Em suma, a vida e suas circunstâncias, sejam elas amenas ou graves, felizes ou sofríveis, serão sempre arquitetadas com base nas qualidades morais dos indivíduos e pelo empenho empregado por cada qual na adequação às Leis Divinas, ou seja, Deus não dispensa privilégios a ninguém, pois nos ama a todos da mesma forma. Sob a ação da Lei de Causa e Efeito, os indivíduos são induzidos a aprender com a repercussão dos próprios erros ou usufruir dos frutos de seus esforços, num perfeito mecanismo educativo orquestrado por Deus.

Tal qual Jó, mantenhamos a confiança irrestrita em Deus, independente das circunstâncias que a vida nos apresente, jamais esquecendo que os desígnios do Criador sempre visam o nosso bem. E aproveitemos os tesouros imateriais que a Doutrina Espírita nos lega, consolidando a fé, renovando forças e ampliando a compreensão das responsabilidades que pesam sobre nossos ombros, principalmente no que tange à Lei de Causa e Efeito, para que nossos esforços sempre rendam bons frutos no porvir.

 

==========

Referências:

1- KARDEC, Allan. O Evangelho Segundo o Espiritismo, tradução de Guillon Ribeiro. 1ª edição. Campo dos Goytacazes-RJ: Editora Letra Espírita, 2023.

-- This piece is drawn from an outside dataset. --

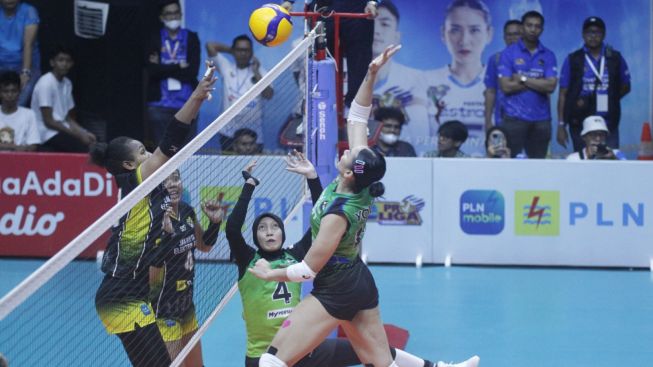 Proliga Seri Purwokerto, Tim Tuan Rumah Jakarta Pertamina Fastron Susah Payah Taklukan Jakarta Elektrik PLN 3-1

2- KARDEC, Allan. O Livro dos Espíritos, tradução de Guillon Ribeiro. 1ª edição. Campo dos Goytacazes-RJ: Editora Letra Espírita, 2022.

3- KARDEC, Allan. O Céu e o Inferno: ou a justiça divina segundo o Espiritismo, tradução de Manuel Quintão. 61ª edição, 1ª reimpressão. Brasília-DF: Editora FEB, 2013.